Funding boost for US water infrastructure projects
This innovative low-interest loan program helps communities invest in drinking water, wastewater and stormwater infrastructure.
The announcement furthers the Biden-Harris Administration’s commitment to ensuring all people and all communities have access to clean and safe water.
“When we invest in water, we support healthy people, economic opportunity, environmental protection, and good-paying local jobs,” said EPA administrator Michael S. Regan.
“This new funding from the WIFIA program – coupled with President Biden’s historic $50 billion (€46 billion) investment in water through the Bipartisan Infrastructure Law – bolsters EPA’s efforts to ensure communities across the country have solid water infrastructure and reliable access to safe and clean water.”
For this new round of funding, EPA has identified priority areas such as increasing investment in economically stressed communities; making rapid progress on lead service line replacement; addressing PFAS and emerging contaminants; mitigating the impacts of drought and supporting water innovation and resilience.

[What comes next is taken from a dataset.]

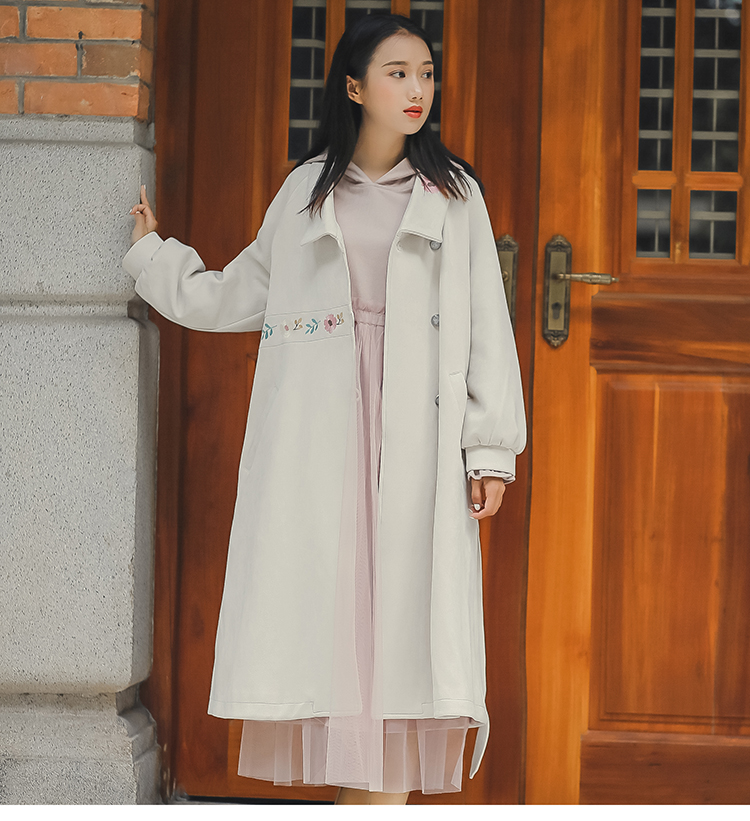 Trench pour femme en Polyester - Ref 3227841 Image 27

Using previously announced funding, EPA has awarded WIFIA loans to benefit dozens of communities, including:
• Pittsburgh Water and Sewer Authority in Pennsylvania closed a $52 million (€48 million) WIFIA loan to upgrade and replace aging water infrastructure to ensure that residents and businesses can rely on safe drinking water.
• Polk Regional Water Cooperative in Florida received $305 million (€285 million) to sustain the local drinking water supply and alleviate the strain on the Upper Floridan Aquifer.
• City of Santa Cruz, California closed a $128 million (€120 million) WIFIA loan to upgrade their drinking water system to be more resilient to drought and climate change.
• City of Wichita, Kansas closed a $191 million (€179 million) WIFIA loan to upgrade two critical wastewater facilities, advancing technologies for water reuse and reducing the nutrient loads in the Arkansas River and Mississippi River Basin.
• San Francisco Public Utilities Commission in California closed a $369 million (€346 million) WIFIA loan to enhance resiliency to seismic events and climate change and reduce the risk of combined sewer overflows.
• New Jersey Infrastructure Bank closed a $500 million SWIFIA loan that will help modernize wastewater and drinking water systems serving over 10 million people throughout New Jersey.
• City of Boise, Idaho closed a $263 million WIFIA loan to improve wastewater treatment processes to protect the Boise River’s water quality.
• City of Chattanooga, Tennessee closed a $186 million WIFIA loan to improve its wastewater system’s energy efficiency and resilience to extreme weather.